WORK ORDER: Except for images, print the whole listing verbatim.

DATASET EXCERPTS:
★ ★ ★ ★ ★
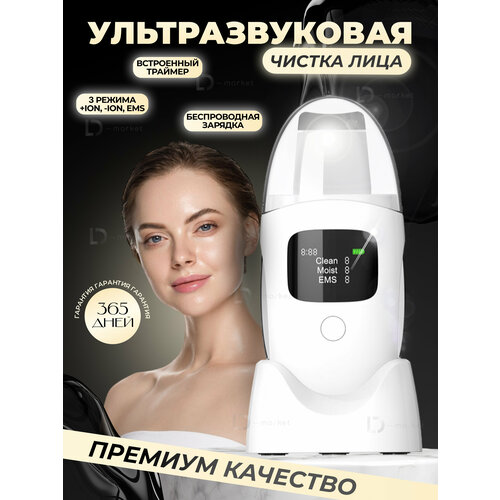 Ультразвуковая чистка лица аппарат от черных точек скруббер 280000₽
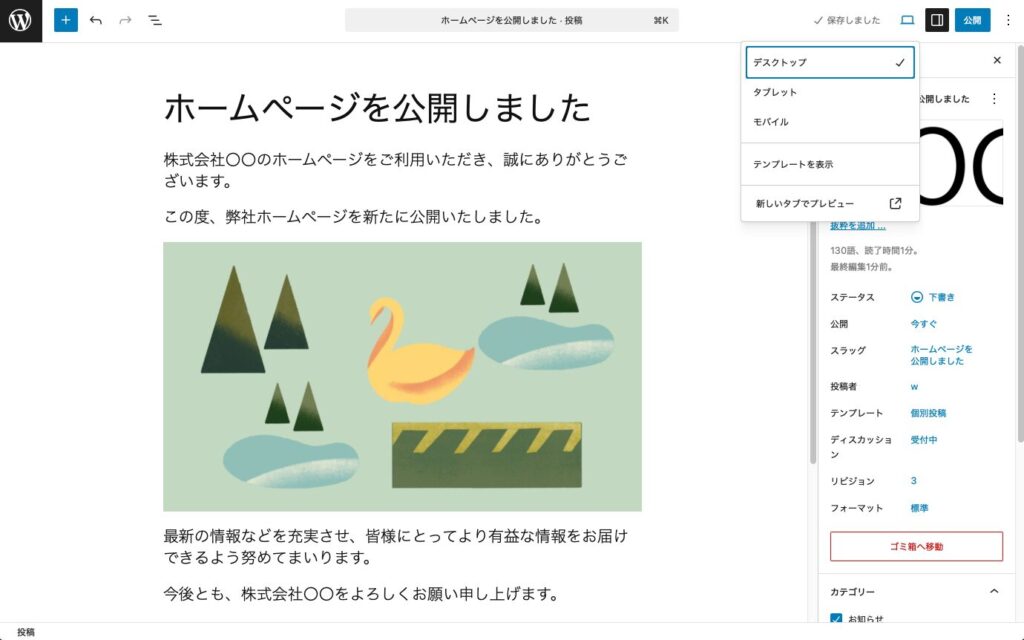 「新しいタブでプレビュー」をクリックします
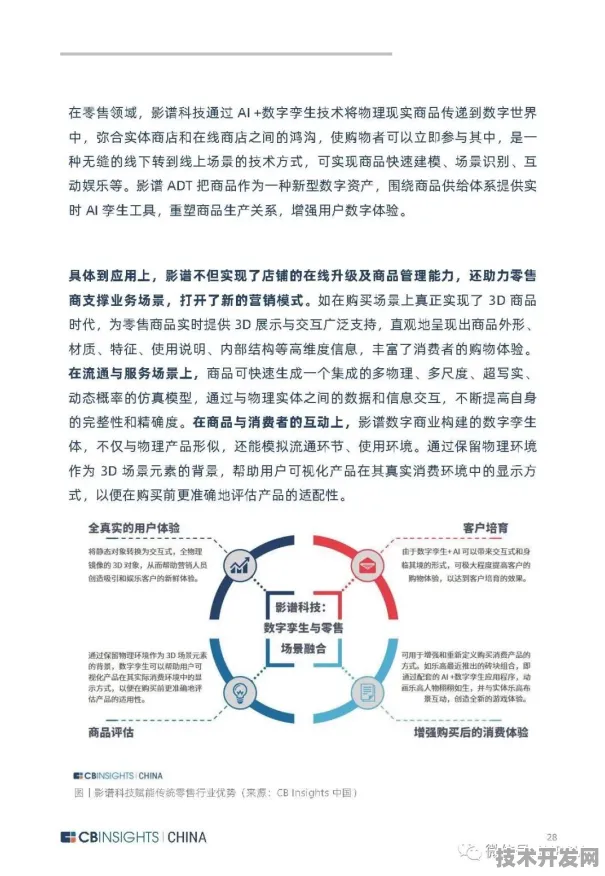 OpenAI领跑国际标准制定，增强现实技术如何重塑未来数字生态？2025年技术演进与产业变革深度解析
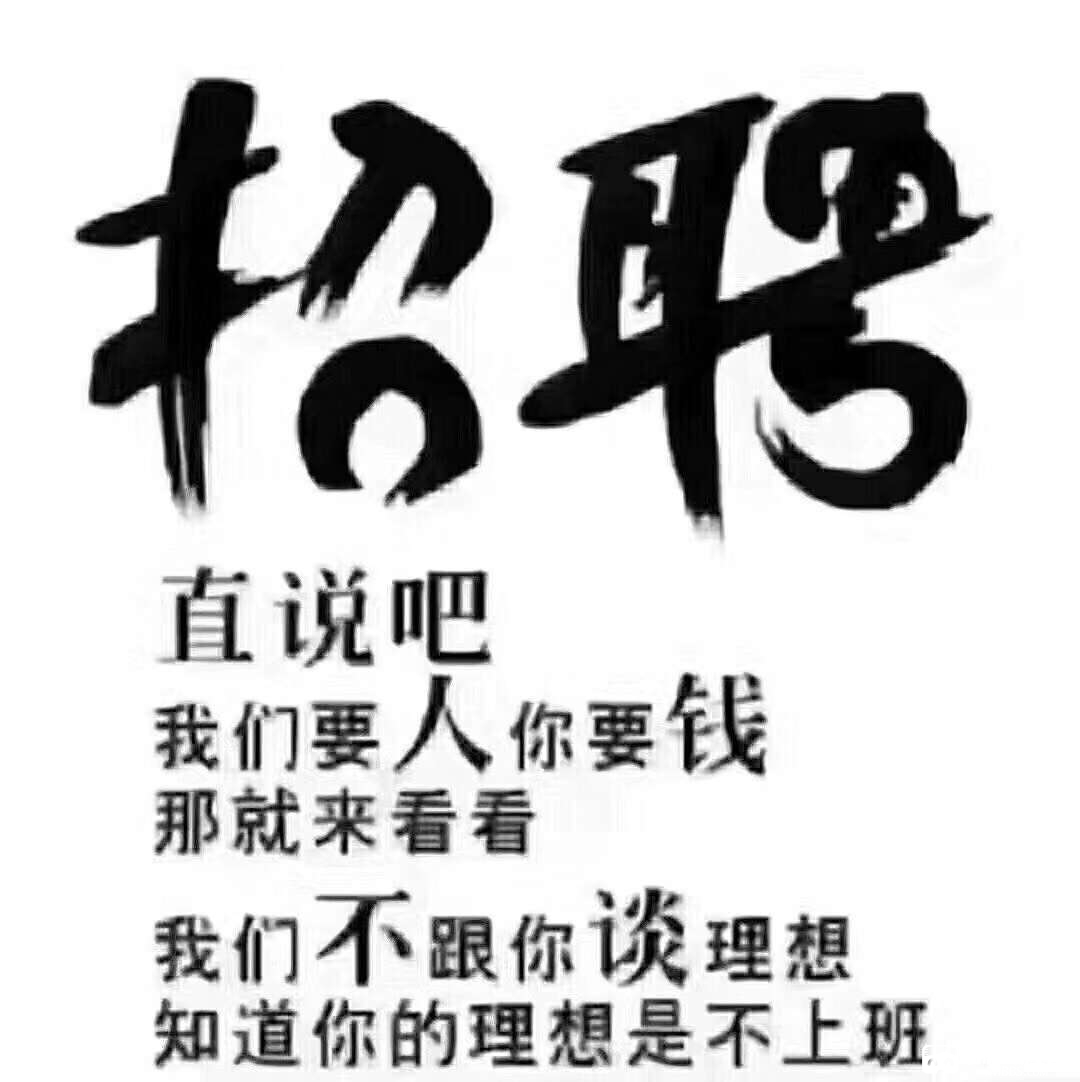 3. 员工推荐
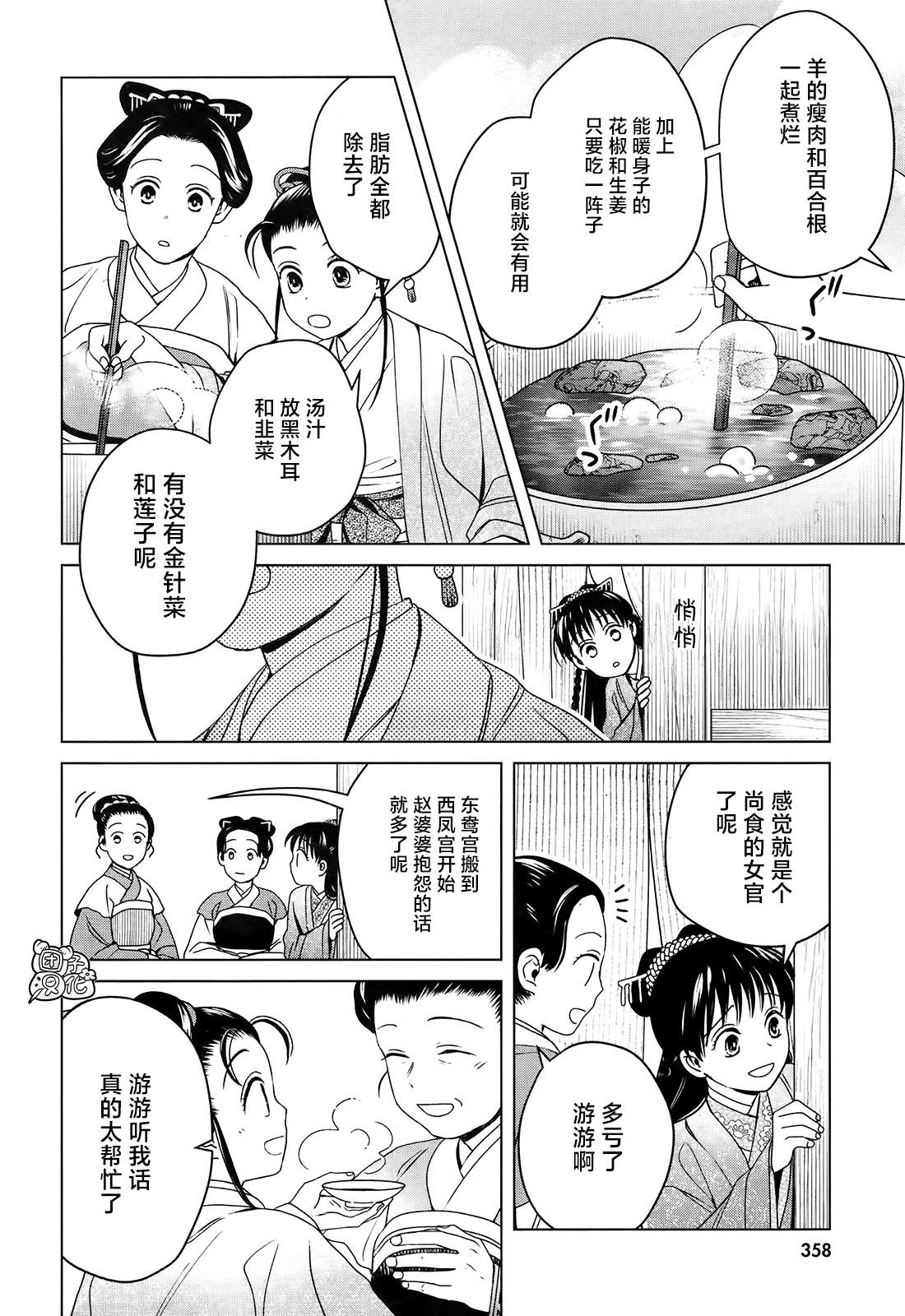 《璀璨于后宫明星闪耀时》漫画最新章节第8话免费下拉式在线观看章节第【45】张图片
★ ★ ★ ★ ★
ANSWER TO THE EXERCISE:
 Ультразвуковая чистка лица аппарат от черных точек скруббер 280000₽
 「新しいタブでプレビュー」をクリックします
 OpenAI领跑国际标准制定，增强现实技术如何重塑未来数字生态？2025年技术演进与产业变革深度解析
 3. 员工推荐
 《璀璨于后宫明星闪耀时》漫画最新章节第8话免费下拉式在线观看章节第【45】张图片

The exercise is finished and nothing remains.